Figure 2: Binary conversion and packetisation process of a software application
There are mainly three major challenges that the OTA update solution must address, the first of which relates to memory.
The solution must organise the application software into volatile and non-volatile memory of the client device so that it can be executed when the update process completes. The solution must ensure that a previous version of the software is kept as a fallback, in case the new software has problems. Also, the state of the client device between resets and power cycles must be retained, which includes the version of the running software and its address in the memory.
The second major challenge is communication. The new software must be sent from the server to the client in discrete packets, each targeting a specific address in the client’s memory.
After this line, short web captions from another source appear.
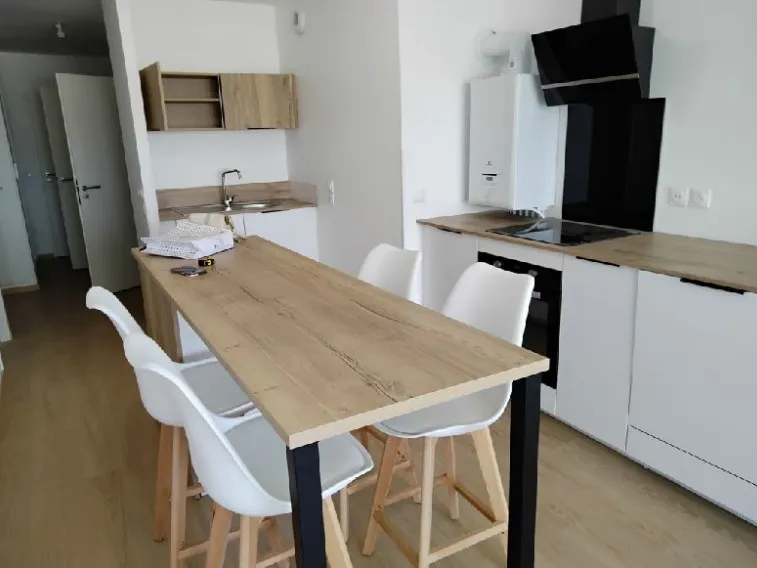 Köök - T3 Apartment with Balcony in Chamalières
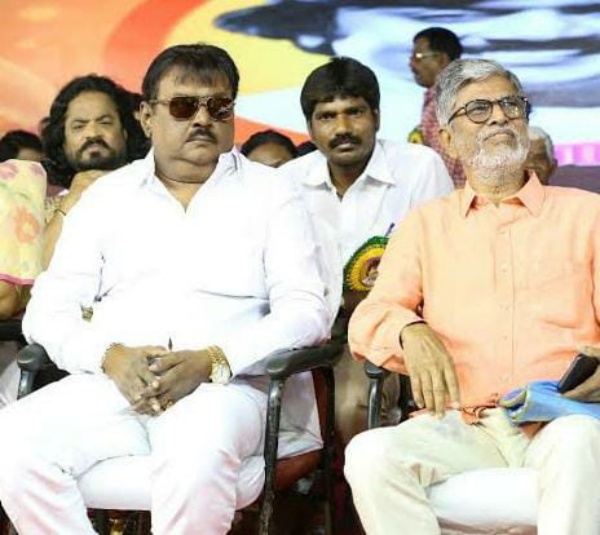 விஜயகாந்த் நடிகர் மட்டுமல்ல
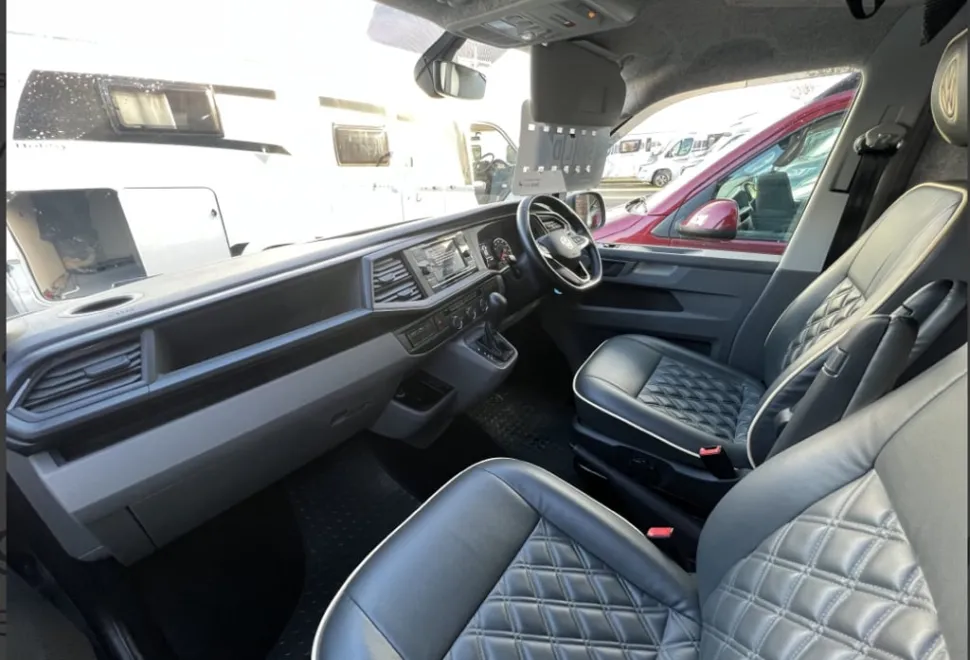 Volkswagen T6.1 Campervan 2021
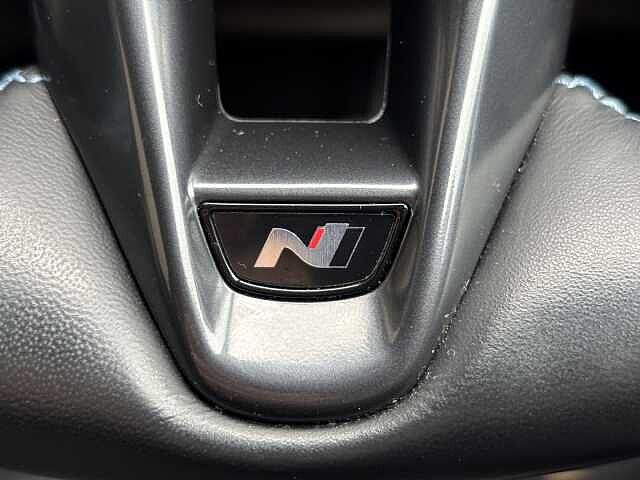 Hyundai i20 N 1.6T 204PS 6MT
The packetising scheme, packet structure and the protocol used to transfer the data must all be accounted for in the software design.
The final major challenge is security. With the new software being sent wirelessly from the server to the client, the server needs to be a trusted party, a security challenge known as authentication. In addition, the new software must be obfuscated to any observers, since it may contain sensitive information, a challenge known as confidentiality. The final element of security is integrity, ensuring that the new software is not corrupted when sent over the air.
The boot sequence
The primary boot loader is a software application that permanently resides on the microcontroller in read-only memory. The region of memory the primary boot loader resides in is known as “info space”, and is not always accessible to users. This application executes every time a reset occurs, generally performing some essential hardware initialisations, and may load user software into memory. However, if the microcontroller contains on-chip non-volatile memory, like flash memory, the boot loader doesn’t need to do any loading and simply transfers control to the program in flash memory. If the primary boot loader doesn’t have any support for OTA updates, it is necessary to have a second-stage boot loader. Like the primary boot loader, the second-stage boot loader (SSBL) will run every time a reset occurs, but will implement a portion of the OTA update process; see Figure 3.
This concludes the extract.